COKIE: Danny Goldberg is an executive at Artemis Records who
testified in front of Congress this week, defending many of his colleagues
in the industry. George Will joins us for questioning.
GEORGE WILL: Mr. Goldberg, you just heard Senator McCain
commenting on your comment that “millions of people like it”; the
antecedent
of the pronoun being some of the kind of material—particularly music—that
Mr. Lieberman and others find objectionable.
What is the limit of consumer sovereignty here? How much should it be respected
and how much should you say, “I don’t care if millions want it, they can’t
have it”?
DANNY GOLDBERG,
Well, why should your opinion or Senator Lieberman’s opinion be more important
than what the public likes? The fact is, this is a very diverse country.
There’s people of all different religious backgrounds, people live in different
parts
of the country. Different parents have different ideas about what’s appropriate
for
their kids. And—and the American way—that’s created this musical culture
that
inspires the whole world—the American way is to let each family make their
own
decision about what they want in their house, not people in Washington,
media or
in the Congress.
Ediotr's Note: See how Republican that last statement was?
Why should the massive, intrusive federal bureaucracy decide for us?
Are we not free to make our own decisions?
What happened to freedom in this country?
The GOP hates it when you turn their arguments back on them.
GEORGE WILL But the—most parents, frankly, would
laugh at the idea that they are in charge of the pull popular
culture can have on their children. Popular culture’s so ubiquitous.
You said in your testimony, “I do not believe that either government or
any entertainment industry committee has any business telling me and my
wife what entertainment our children should be exposed to.”
Do you really think—I know you have a 10-year-old and a six-year-old—
that you can control what your children are exposed to?

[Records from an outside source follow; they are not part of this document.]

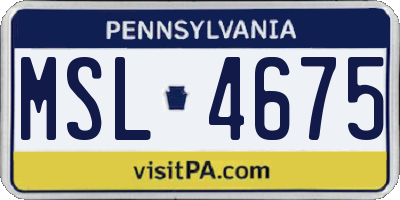 PA license plate MSL4675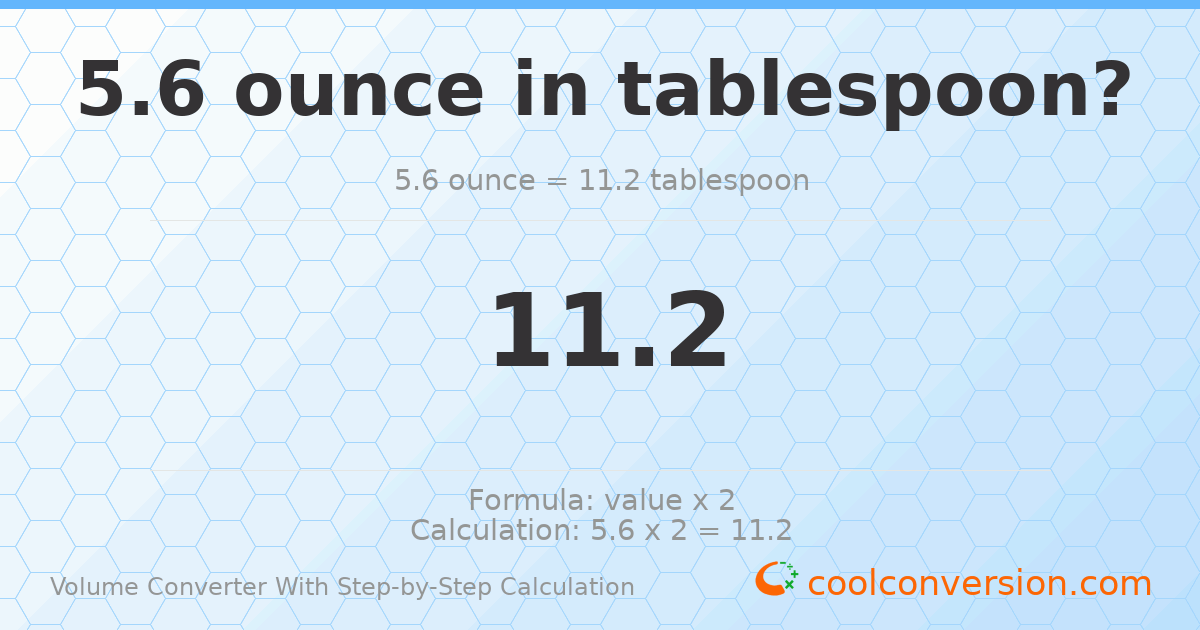 5.6 ounces = 11.2 Tablespoons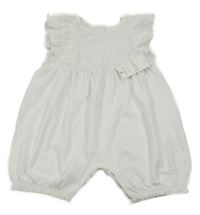 Nové - Bílý bavlněný kraťasový overal s madeirou a volánky Matalan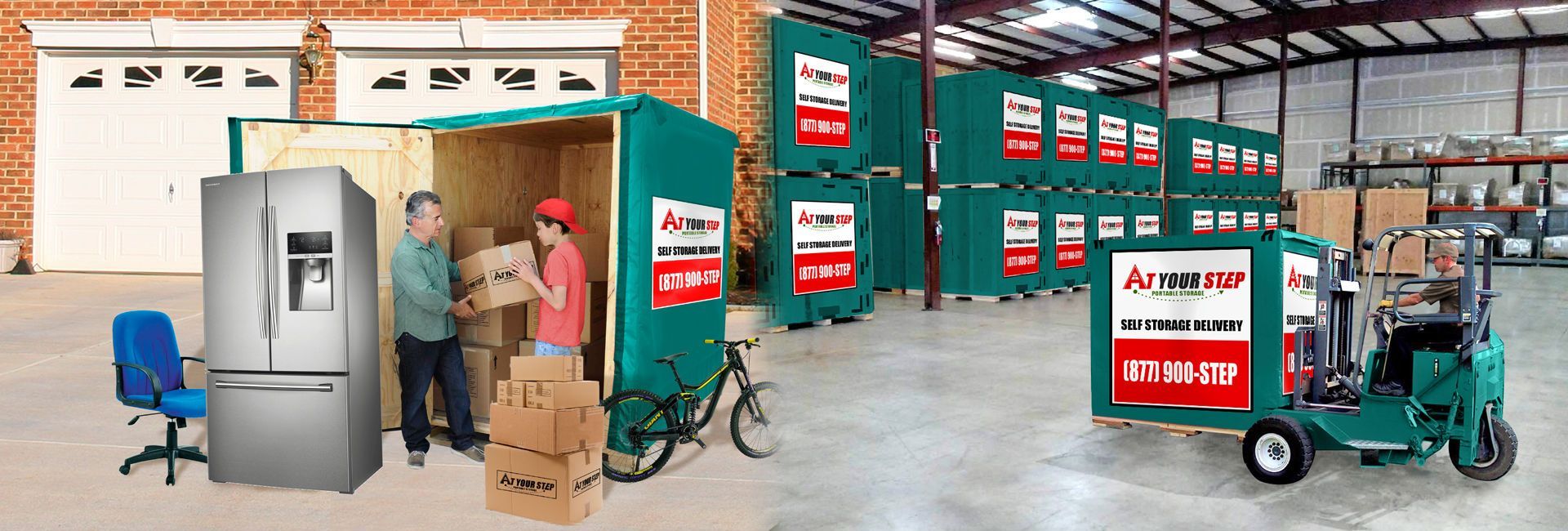 Warehouse aisle with stacked red-and-green industrial containers, a forklift, and a worker near a blue chair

DANNY GOLDBERG I think, so far, we can. I think as kids get older
it’s
more difficult. But I don’t see any moral good coming from having a committee
somewhere try and make the same rules for all families. I think parents
have a
lot of influence at the younger age. They really do have control. But I
certainly
don’t see why Washington pundits or congresspeople are better equipped
to
understand the language of teen-agers than the teen-agers themselves, or
the artists who make the records.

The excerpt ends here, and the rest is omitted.